* Study material *
↓↓↓
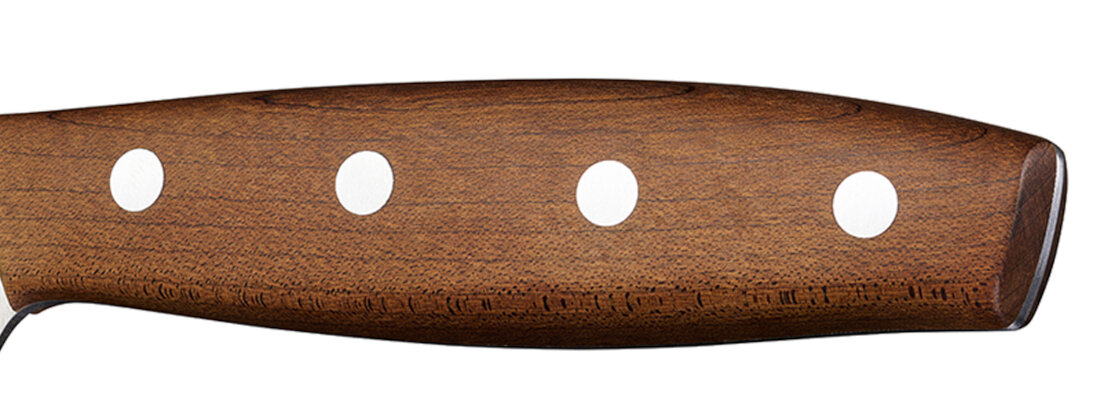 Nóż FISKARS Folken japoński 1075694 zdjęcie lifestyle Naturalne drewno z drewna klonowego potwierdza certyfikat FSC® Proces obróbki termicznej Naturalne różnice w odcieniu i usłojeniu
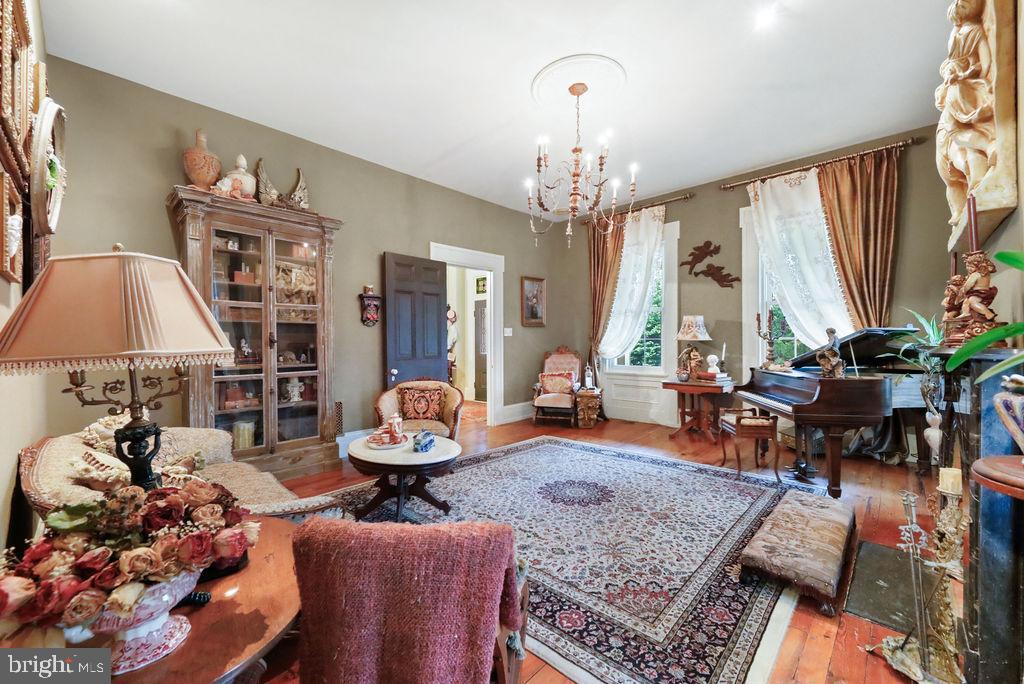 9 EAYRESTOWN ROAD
↑↑↑
↓↓↓
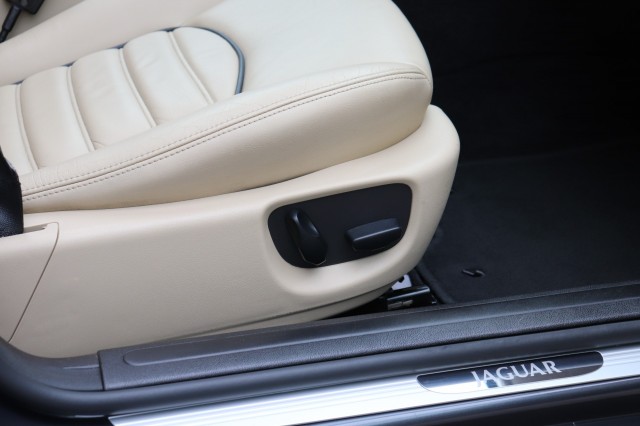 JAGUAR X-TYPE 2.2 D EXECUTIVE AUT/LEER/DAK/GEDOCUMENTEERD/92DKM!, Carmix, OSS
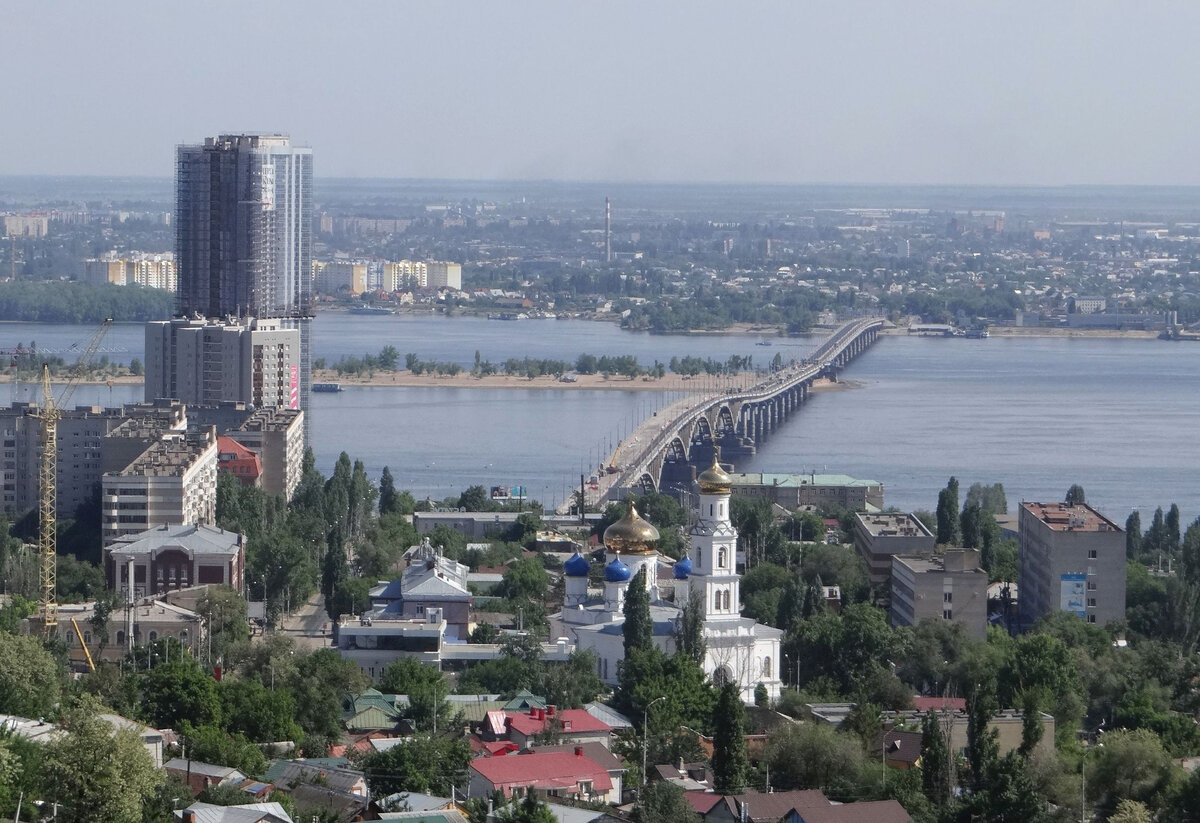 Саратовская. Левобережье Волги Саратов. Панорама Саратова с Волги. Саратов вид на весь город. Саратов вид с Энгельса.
↑↑↑
* Exercise requirements *
Starting with the line that contains "Nóż FISKARS Folken" and finishing with the line that contains "9 EAYRESTOWN ROAD", reproduce every line of the material above exactly, but not the pictures.

* Solution for this problem *
 Nóż FISKARS Folken japoński 1075694 zdjęcie lifestyle Naturalne drewno z drewna klonowego potwierdza certyfikat FSC® Proces obróbki termicznej Naturalne różnice w odcieniu i usłojeniu
 9 EAYRESTOWN ROAD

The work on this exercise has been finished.